_Brief_:
Would you restate all of the entries verbatim, minus any images?

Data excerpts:
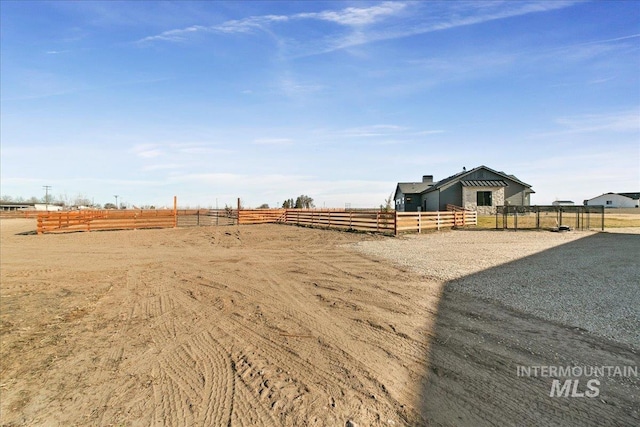 view of yard featuring fence and a rural view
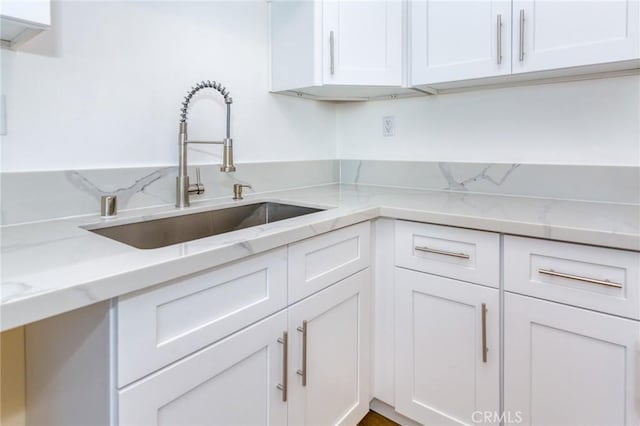 22016 Schoolcraft St, Canoga Park, CA 91303 - kitchen with a sink, white cabinetry, and light stone countertops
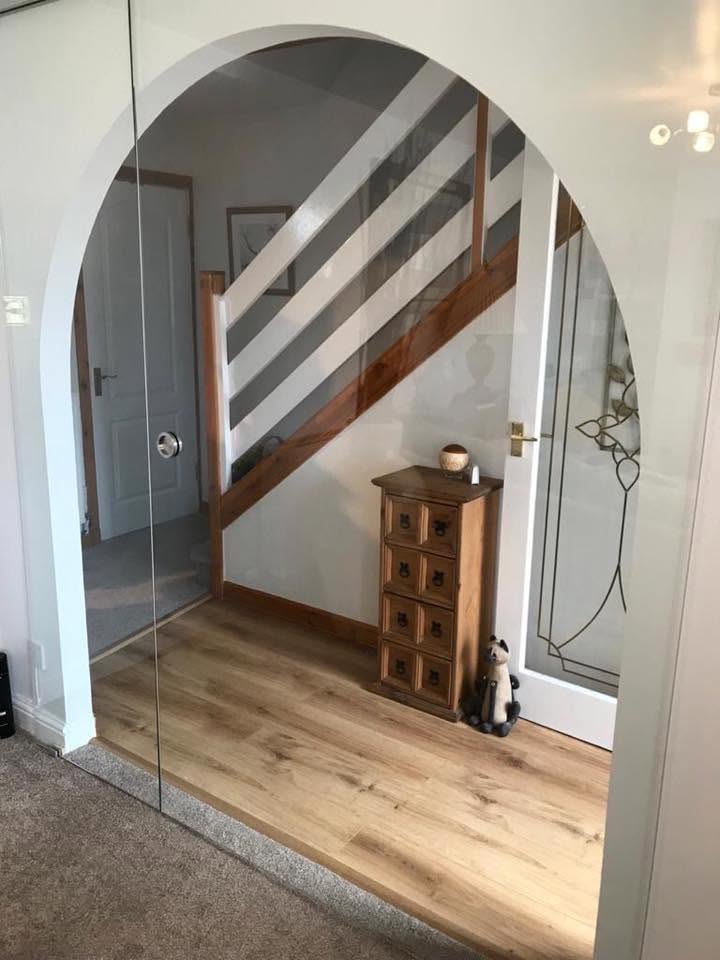 Frameless glass door fitted into an arched hallway opening with chrome handle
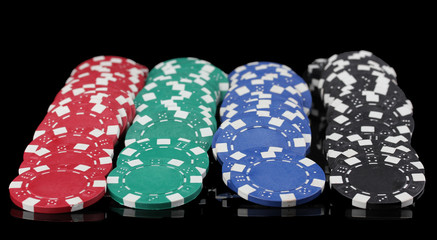 Casino chips isolated on black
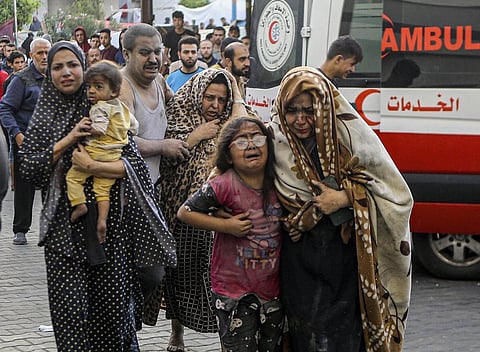 Injured Palestinians arrive at al-Shifa Hospital following Israeli airstrikes on Gaza City, central Gaza Strip, Monday, Oct. 16, 2023. | AP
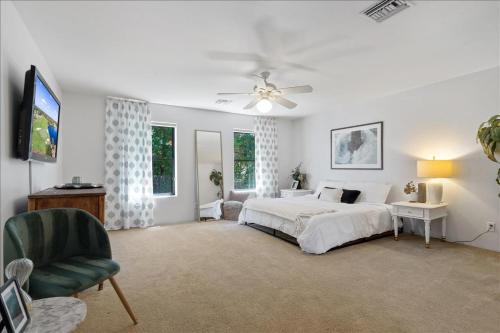 - une chambre avec un lit, une télévision et une chaise dans l'établissement 5 Bedroom 4 Bath Boutique Home PREMIUM LOCATION + heated pool option, à Glendale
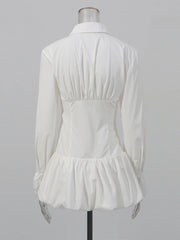 Sculptural white dress with voluminous hem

_Result for this exercise_:
 view of yard featuring fence and a rural view
 22016 Schoolcraft St, Canoga Park, CA 91303 - kitchen with a sink, white cabinetry, and light stone countertops
 Frameless glass door fitted into an arched hallway opening with chrome handle
 Casino chips isolated on black
 Injured Palestinians arrive at al-Shifa Hospital following Israeli airstrikes on Gaza City, central Gaza Strip, Monday, Oct. 16, 2023. | AP
 - une chambre avec un lit, une télévision et une chaise dans l'établissement 5 Bedroom 4 Bath Boutique Home PREMIUM LOCATION + heated pool option, à Glendale
 Sculptural white dress with voluminous hem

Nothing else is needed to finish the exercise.